-- Exercise goal --
All that is needed is every record, duplicated exactly.

-- Dataset records --

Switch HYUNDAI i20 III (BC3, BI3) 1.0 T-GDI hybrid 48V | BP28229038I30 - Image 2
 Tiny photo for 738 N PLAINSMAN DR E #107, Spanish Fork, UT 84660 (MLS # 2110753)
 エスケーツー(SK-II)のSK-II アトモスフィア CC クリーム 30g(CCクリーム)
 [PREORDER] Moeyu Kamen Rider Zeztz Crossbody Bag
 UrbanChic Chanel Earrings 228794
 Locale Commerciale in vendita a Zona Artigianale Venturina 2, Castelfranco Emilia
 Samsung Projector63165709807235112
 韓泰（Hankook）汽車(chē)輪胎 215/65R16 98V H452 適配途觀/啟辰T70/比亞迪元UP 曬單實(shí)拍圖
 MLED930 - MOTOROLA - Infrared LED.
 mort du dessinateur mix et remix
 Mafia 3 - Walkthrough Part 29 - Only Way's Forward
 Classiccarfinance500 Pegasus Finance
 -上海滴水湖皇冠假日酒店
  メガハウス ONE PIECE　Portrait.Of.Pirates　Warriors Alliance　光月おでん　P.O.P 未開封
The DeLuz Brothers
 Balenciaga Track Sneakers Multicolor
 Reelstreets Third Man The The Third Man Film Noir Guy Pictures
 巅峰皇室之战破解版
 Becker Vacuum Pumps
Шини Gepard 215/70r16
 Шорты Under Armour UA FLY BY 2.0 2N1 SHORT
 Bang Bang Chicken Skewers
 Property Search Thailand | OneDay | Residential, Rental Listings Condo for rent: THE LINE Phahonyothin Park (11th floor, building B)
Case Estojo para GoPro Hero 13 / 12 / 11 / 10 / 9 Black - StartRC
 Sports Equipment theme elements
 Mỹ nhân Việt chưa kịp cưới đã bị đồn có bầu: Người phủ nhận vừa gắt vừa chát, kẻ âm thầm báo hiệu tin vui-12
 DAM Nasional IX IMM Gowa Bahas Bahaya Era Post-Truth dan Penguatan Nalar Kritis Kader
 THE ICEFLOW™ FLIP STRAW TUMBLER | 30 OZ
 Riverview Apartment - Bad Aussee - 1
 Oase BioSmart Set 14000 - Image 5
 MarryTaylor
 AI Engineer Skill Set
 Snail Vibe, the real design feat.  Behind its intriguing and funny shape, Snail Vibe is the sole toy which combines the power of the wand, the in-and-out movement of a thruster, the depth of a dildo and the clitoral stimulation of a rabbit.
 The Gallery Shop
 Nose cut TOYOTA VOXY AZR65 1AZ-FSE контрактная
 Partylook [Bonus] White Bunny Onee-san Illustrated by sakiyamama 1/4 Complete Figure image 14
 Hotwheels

-- Answer to this task --
Switch HYUNDAI i20 III (BC3, BI3) 1.0 T-GDI hybrid 48V | BP28229038I30 - Image 2
 Tiny photo for 738 N PLAINSMAN DR E #107, Spanish Fork, UT 84660 (MLS # 2110753)
 エスケーツー(SK-II)のSK-II アトモスフィア CC クリーム 30g(CCクリーム)
 [PREORDER] Moeyu Kamen Rider Zeztz Crossbody Bag
 UrbanChic Chanel Earrings 228794
 Locale Commerciale in vendita a Zona Artigianale Venturina 2, Castelfranco Emilia
 Samsung Projector63165709807235112
 韓泰（Hankook）汽車(chē)輪胎 215/65R16 98V H452 適配途觀/啟辰T70/比亞迪元UP 曬單實(shí)拍圖
 MLED930 - MOTOROLA - Infrared LED.
 mort du dessinateur mix et remix
 Mafia 3 - Walkthrough Part 29 - Only Way's Forward
 Classiccarfinance500 Pegasus Finance
 -上海滴水湖皇冠假日酒店
  メガハウス ONE PIECE　Portrait.Of.Pirates　Warriors Alliance　光月おでん　P.O.P 未開封
The DeLuz Brothers
 Balenciaga Track Sneakers Multicolor
 Reelstreets Third Man The The Third Man Film Noir Guy Pictures
 巅峰皇室之战破解版
 Becker Vacuum Pumps
Шини Gepard 215/70r16
 Шорты Under Armour UA FLY BY 2.0 2N1 SHORT
 Bang Bang Chicken Skewers
 Property Search Thailand | OneDay | Residential, Rental Listings Condo for rent: THE LINE Phahonyothin Park (11th floor, building B)
Case Estojo para GoPro Hero 13 / 12 / 11 / 10 / 9 Black - StartRC
 Sports Equipment theme elements
 Mỹ nhân Việt chưa kịp cưới đã bị đồn có bầu: Người phủ nhận vừa gắt vừa chát, kẻ âm thầm báo hiệu tin vui-12
 DAM Nasional IX IMM Gowa Bahas Bahaya Era Post-Truth dan Penguatan Nalar Kritis Kader
 THE ICEFLOW™ FLIP STRAW TUMBLER | 30 OZ
 Riverview Apartment - Bad Aussee - 1
 Oase BioSmart Set 14000 - Image 5
 MarryTaylor
 AI Engineer Skill Set
 Snail Vibe, the real design feat.  Behind its intriguing and funny shape, Snail Vibe is the sole toy which combines the power of the wand, the in-and-out movement of a thruster, the depth of a dildo and the clitoral stimulation of a rabbit.
 The Gallery Shop
 Nose cut TOYOTA VOXY AZR65 1AZ-FSE контрактная
 Partylook [Bonus] White Bunny Onee-san Illustrated by sakiyamama 1/4 Complete Figure image 14
 Hotwheels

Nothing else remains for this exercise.